Science & Exploration

Horton Gallery
504 West 22nd Street, 212.243.2663
Chelsea
September 16 - October 22, 2011
Web Site


Horton Gallery, Chelsea is pleased to present Science & Exploration, a group show featuring works by Saul Becker, Emilie Halpern, Xylor Jane, Michael Jones McKean and Eric Zimmerman. In the spirit of scientific inquiry and discovery, the artists in this exhibition examine the various forms natural phenomena and systems can take in contemporary culture.
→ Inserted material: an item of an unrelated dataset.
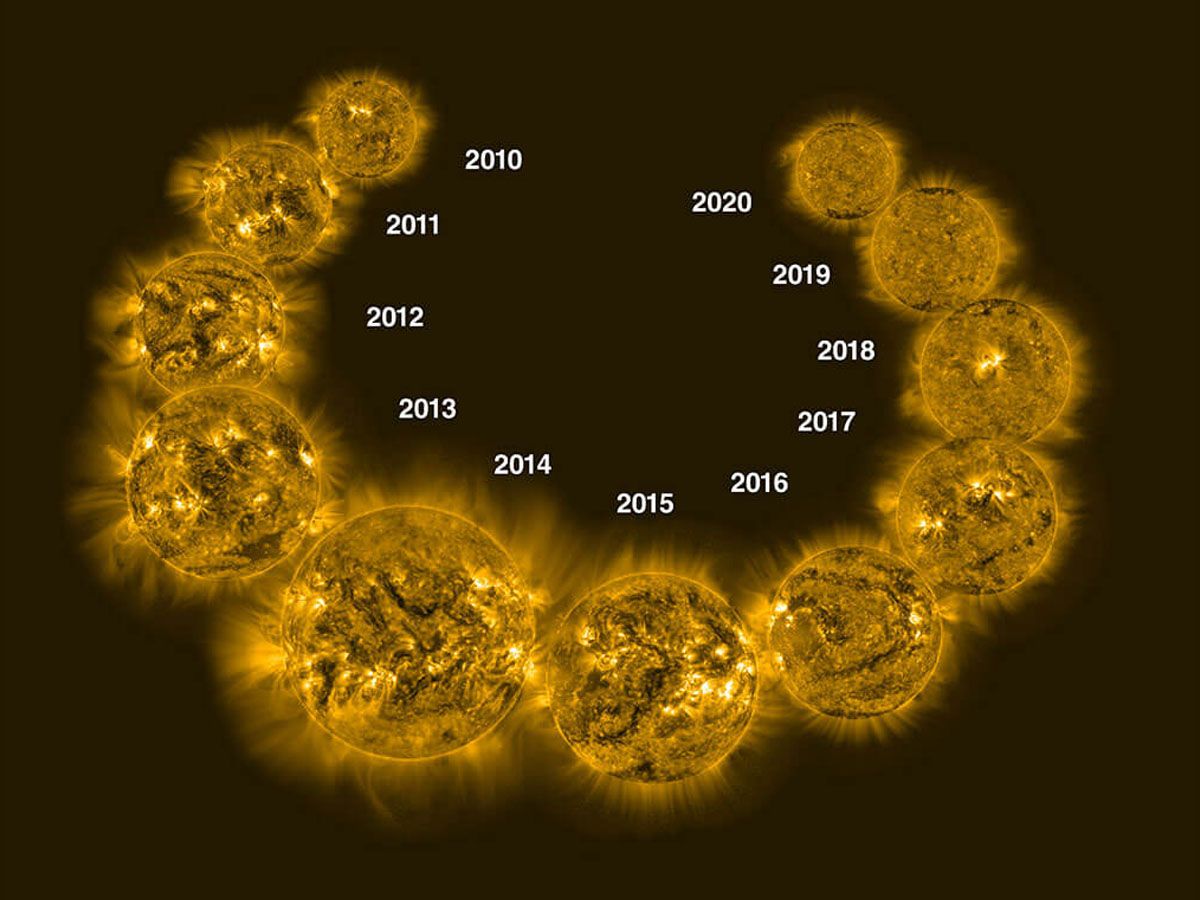 sun-evolution-2010-2020-proba2-ultraviolet-view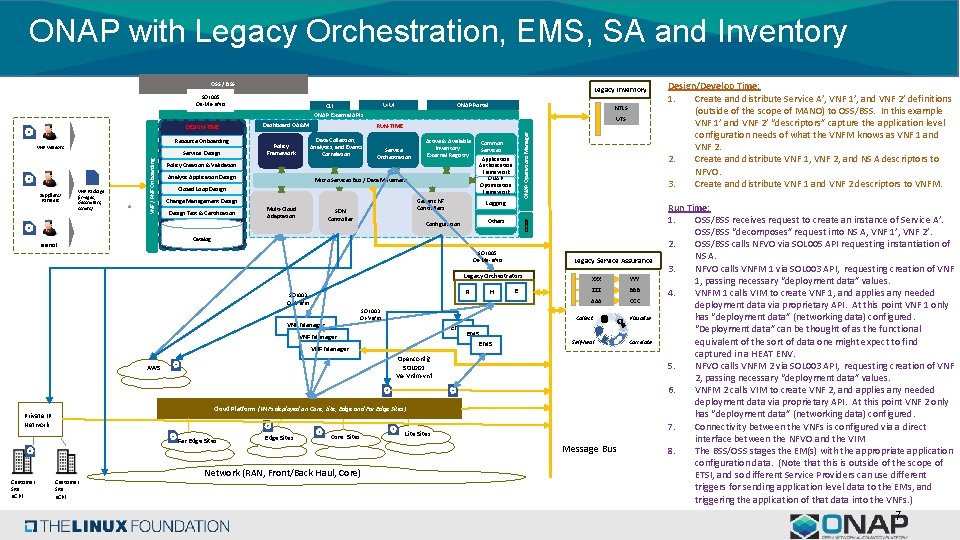 ONAP with Legacy Orchestration, EMS, SA and Inventory OSS / BSS Legacy Inventory SOL ONAP with Legacy Orchestration, EMS, SA and Inventory OSS / BSS Legacy Inventory SOL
Saul Becker’s recent paintings have taken inspiration from the grandeur and mystery of landscapes encountered on his travels to the Arctic on an ice-class schooner. Like early explorers of the world who could bring back only abstract impressions of their experiences to the masses, Becker does not attempt to deliver precise visual accounts of his travels to viewers, instead creating composite landscapes from both photographic and mental image sources. This examination of the relationship between scientific archive and subjective speculation also factors into Eric Zimmerman’s installation where ephemera ostensibly related to the Apollo 11 landing is presented, challenging viewers to question how veritable one’s perceptions of distant discoveries and visually inaccessible natural phenomena actually are.

The intangible, yet overall accepted, nature of certain natural systems and experiences is what drives the artists in this exhibition to express scientific findings in palpable and intuitive ways. Emilie Halpern’s photographic subject matter ranges from the celestial to the ancient to the immediate. The images are united through visual likeness and together express the artist’s intimate meditations on imperceptible phenomena occurring across infinite time and space. Xylor Jane and Michael Jones McKean bring scientific systems into palpability though physical experimentation. Algorithms derived from infinitesimal nature or from abstract mathematical patterns are used by Jane to create stimulating and intricate paintings while McKean’s manipulation of such pedestrian yet fantastic organic processes as rainbows also demonstrates our innate desire to physically seize and understand the natural world.

In Science & Exploration, the close relationship between accuracy and imagination that is involved in studies of the natural world presents itself at an intrinsic and individual level.